Robert Schumann, Novelette No. 8, Op. 21 (Recorded in 1952) 
From the YouTube notes: Adelina de Lara (23 January 1872 - 25 November 1961) was a British classical pianist and composer.
Adelina de Lara

She was educated at the Hoch Conservatory in Frankfurt under Iwan Knorr, and studied piano with Fanny Davies and Clara Schumann, whose work she championed for most of her life. She was close friends with Johannes Brahms through her studies. As an adult, Adelina de Lara performed in public for the first time following her studies in 1891 and continued for over seventy years, making her final appearance on 15 June 1954 at the Wigmore Hall London. She made many recordings for the BBC and appeared on BBC Television on her 82nd birthday.
     During World War II she played for Dame Myra Hess at the National Gallery and later in life, Sir Adrian Boult. In 1951 Adelina was appointed an Officer of the Order of the British Empire (OBE). The late Queen Elizabeth, the Queen Mother was both an admirer and a friend and sent good wishes for concerts on many occasions. She also worked as a teacher, her students including Eileen Joyce and many other distinguished pianists. She composed many pieces which have included ballads, song cycles and many for piano including two concertos. There were also two suites for strings, including 'In The Forest', which was performed in 2005, in Gloucester Cathedral by the Gloucester Academy of Music.
     Adelina de Lara's autobiography entitled Finale was published in 1955 and she died at the age of 89 in Woking, Surrey on 25 November 1961.

Ilona Eibenschütz, piano
Recorded probably in the 50s.

Ilona Eibenschutz
From the YouTube notes: 
Ilona Eibenschütz (May 8, 1872 in Budapest, Hungary - May 21, 1967 in London, England) was a Hungarian Jewish pianist from Budapest.
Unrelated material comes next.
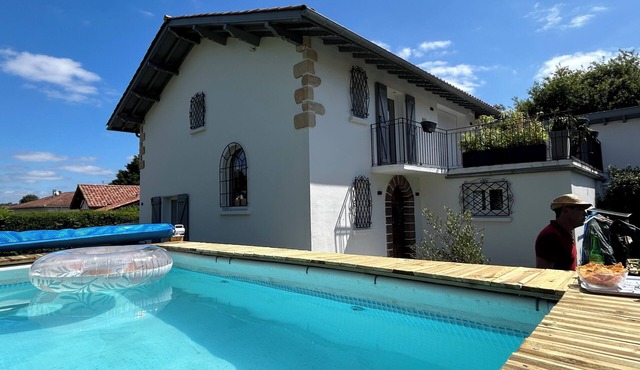 Maison Basque Traditionnelle Bien Rénovée Entre mer et Montagne, Chiens Acceptés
She received her first instruction in music from her cousin Albert Eibenschütz. At the age of five, Franz Liszt is said to have played at a concert with her (other sources say she played a Duet with Liszt when she was six years old). She later studied with Carl Marek, and from 1878 to 1885 at the Leipzig Conservatory under Hans Schmitt, and then, from 1885 to 1890, with Clara Schumann in Frankfurt. There she met Johannes Brahms in 1886, and she knew him until his death in 1897. She heard him play his own music on various occasions, and in 1926, she wrote (as Mrs. Carl Derenburg) for The Musical Times, "[Brahms] played as if he were improvising, with heart and soul, sometimes humming to himself, forgetting everything around him. His playing was altogether grand and noble, like his compositions." In the summer of 1893, Brahms privately premiered his piano pieces, op. 118 and op. 119, to Eibenschütz. She later wrote, "It was of course the most wonderful thing for me to hear these pieces as nobody yet knew anything about them. I was the first to whom he played them." Her teacher Clara Schumann (1819-1896) was Brahms's closest personal and musical friend, but expressed reservations privately to Brahms
Ilona Eibenschütz with Brahms
about Eibenschütz's playing, writing to Brahms on 1 February 1894 that "she goes too quickly over everything." (The translation is by Jerrold Northrup Moore in his booklet notes to the Pearl CD, "Pupils of Clara Schumann" - Pearl CDS 99049 - which includes recordings of Eibenschütz.) Following her education, she undertook a successful performing career that led her throughout Europe. She married Carl Derenburg in 1902 and retired from the stage, living the rest of her life quietly in London. She died there on May 21, 1967. 

Fanny Davies (1861-1934)
After her studies with Clara Schumann ended, (she had previously been a pupil of Carl Reinecke), Fanny Davies (1861-1934) became one of the most celebrated of English pianists. She gave the first performances in England of Brahms Klavierstucke, Op 116 and 117. And of course, Davies carried on the style and tradition of the performance of Schumann's piano music that she had learned from the composer's widow, Clara.
     At the age of 67, Davies made her first recording in 1928 performing the Schumann Piano Concerto. The following year she recorded Schumann's Davidsbundlertanze, Op 6. In December of 1930, Davies made her last released recording of the same composer's Kinderszenen, Op. 15. She also recorded that same month Schumann's Fantasiestucke, Op 12, Romanze in F sharp, Op 28, No. 2 and the Study in canon form Op. 56, No 5. Unfortunately, none of these have been published and may have been lost.

Carl Friedberg
Carl Friedberg plays Schumann "Symphonic Etudes"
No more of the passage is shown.